The Italian conductor Fabio Luisi has become an increasingly familiar and welcome face to New York audiences. Recently appointed Principal Conductor at the Metropolitan Opera, he is primarily known here as an operatic conductor. But he has also been the chief conductor of the Vienna Symphony Orchestra (known as the Wiener Symphoniker in German) since 2005, and on Sunday the Viennese joined him in Avery Fisher Hall. While the warhorse program recalled the taste of the city’s other major orchestra--the arch-conservative Vienna Philharmonic--it was a fine afternoon.
For the orchestra, the centerpiece of this rather short program was in the second half, Beethoven’s Symphony No. 7. (The program originally featured Franz Schmidt’s remarkable and underrated Symphony No. 4 but was changed to the familiar Beethoven, an unfortunate alteration.) As was clear in his recent Siegfried at the Met, Luisi is a conductor of Apollonian temperament, leading interpretations of elegant control and clear textures. This was a polished performance that never lost a sense of classical balance. Richard Wagner called this symphony "the apotheosis of the dance," but Luisi's dance was a classical ballet, not a cancan.
Luisi began the first movement at a broad tempo, showcasing the orchestra’s plush string sound and excellently balanced winds. The body of the movement (which included the exposition repeat) was played with graceful power. Luisi’s excellent dramatic timing, always an asset in conducting opera, proved valuable in the exciting coda. The famous opening of the second movement was intoned by the lower strings with mechanical flatness, growing in expression with the entry of each section of the orchestra. It made a powerful crescendo, though one that felt more inevitable than organic. The third movement showed quicksilver gradations of dynamics and phrasing through the many repetitions of the theme. The last movement was taken at an exhilarating tempo but never turned manic.

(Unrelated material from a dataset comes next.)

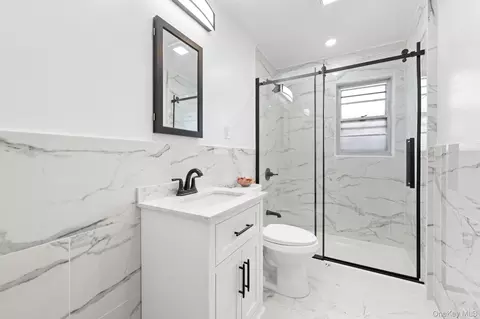 243-19 129th Ave, New York, NY 11422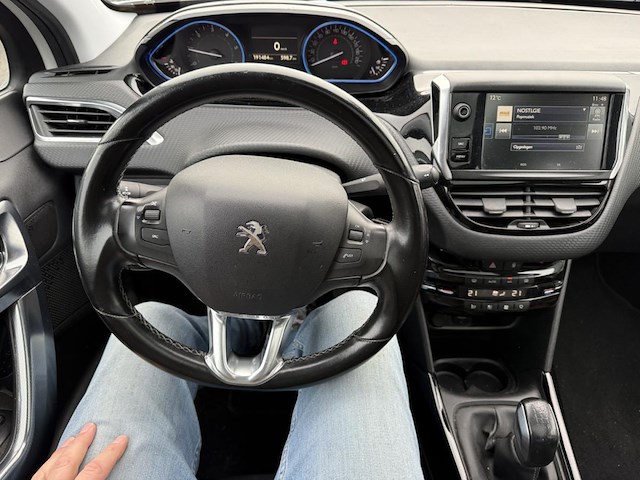 Peugeot 2008 1.6 bluehdi allure, 2017 - afbeelding 22 van  23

The program had begun with the twenty-three-year old French pianist Lise de la Salle’s rendition of Rachmaninov’s ever-popular Piano Concerto No. 2. De la Salle got off to a forceful start, banging out the opening chords with steely authority. Her somber, fateful opening was matched by the orchestra’s dense sound. Unfortunately that steeliness was something she would struggle with for the entire concerto, her Steinway seemingly so brightly voiced and hard-edged as to make warmth and poetry distant thoughts. De la Salle has sharp technique, and her fast arpeggios emerged with force, but the melodic line was often lost under the orchestra. After some bumbling by the orchestra at the beginning of the second movement, de la Salle loosened up, and played with more flexibility. Despite the piano’s persistently tinkling tone, she showed poetry and introspection in the slow movement’s figuration. The percussive acrobatics of the last movement were handled with dexterity and verve, and Luisi managed the tempo changes with unobstructive aplomb without further balance issues.
The orchestra was warmly applauded and played two encores: a rapid-fire account of the overture to Le nozze di Figaro and, appropriately for Viennese visitor’s, Johann Strauss II’s polka Unter Donner und Blitz. New York audiences will have more Luisi to look forward to in January when he conducts Götterdämmerung at the Met.